- The problem:
Begin at the line that holds "Hinge/Door check strap" and copy each line exactly until the data below ends, including that last line but no pictures.

- Information shown:
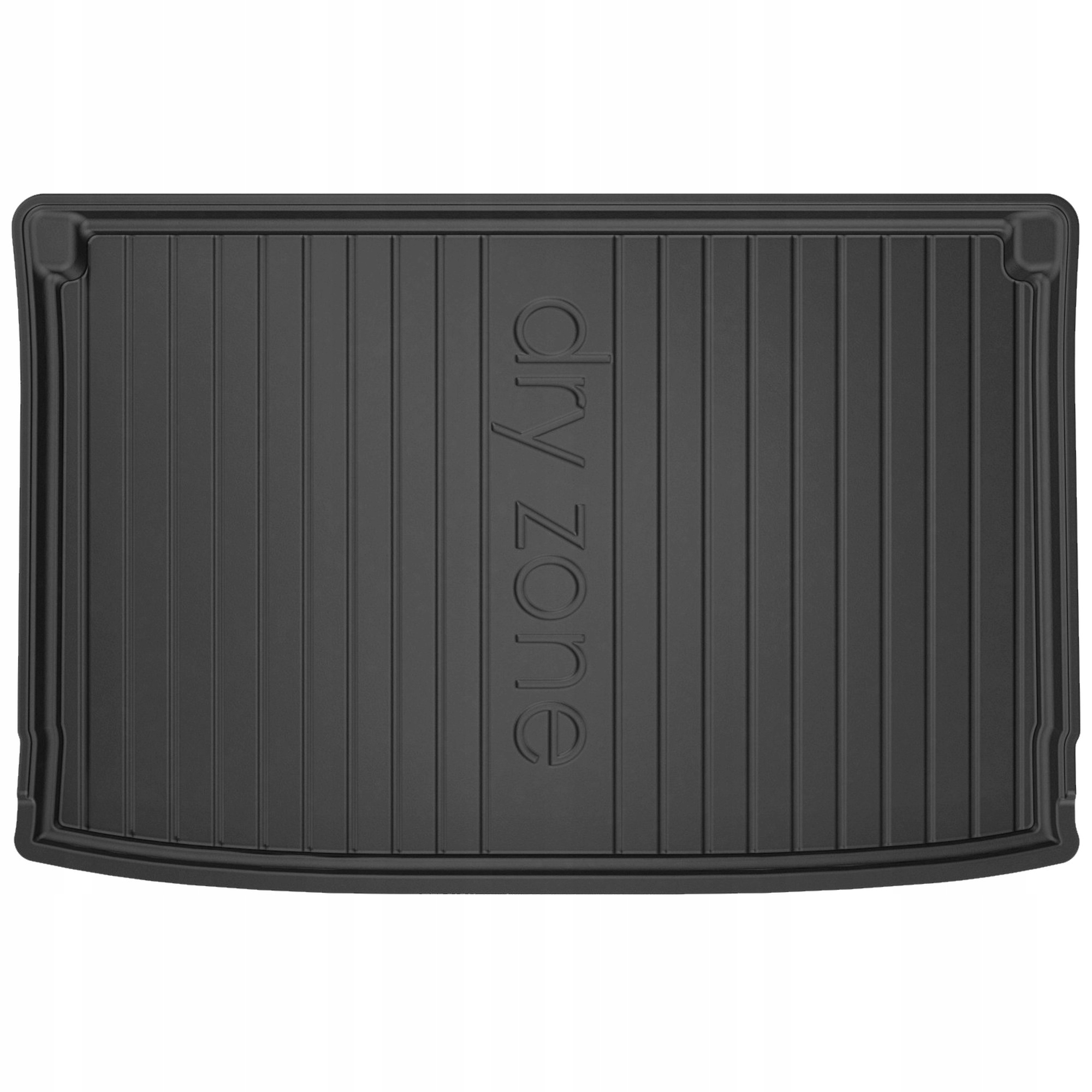 Rohož do kufru Ford EcoSport II od roku 2017, horní podlaha zavazadlového prostoru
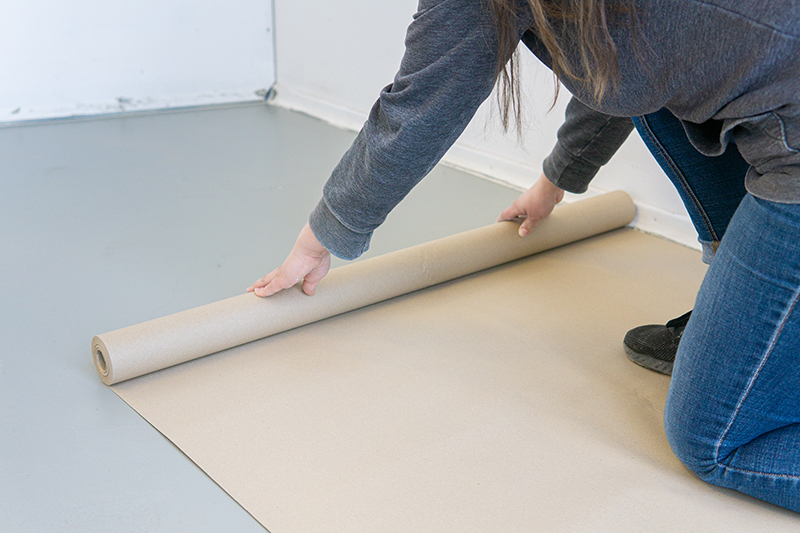 SUOJAPAPERIRULLA 1MX20M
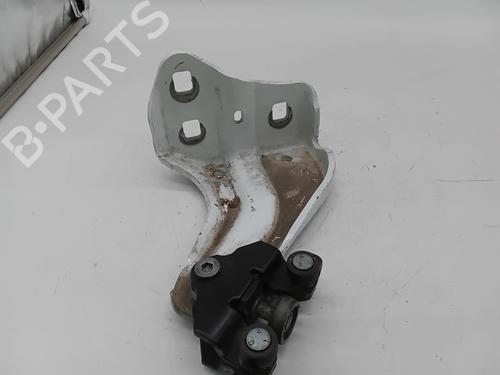 Hinge/Door check strap RENAULT EXPRESS Box Body/MPV 1.5 Blue dCi 75 (F6AA) | BP29385732C146 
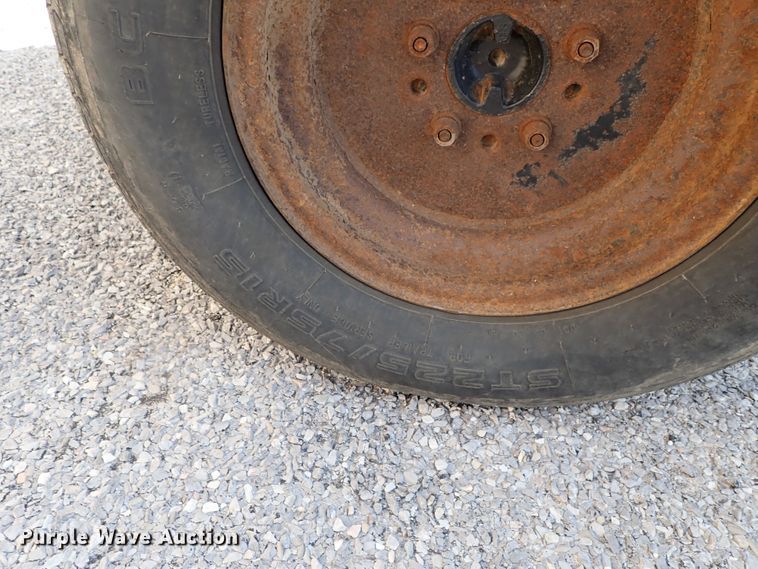 image for item DE1005 Rosco RB48 broom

- Exercise response:
 Hinge/Door check strap RENAULT EXPRESS Box Body/MPV 1.5 Blue dCi 75 (F6AA) | BP29385732C146 
 image for item DE1005 Rosco RB48 broom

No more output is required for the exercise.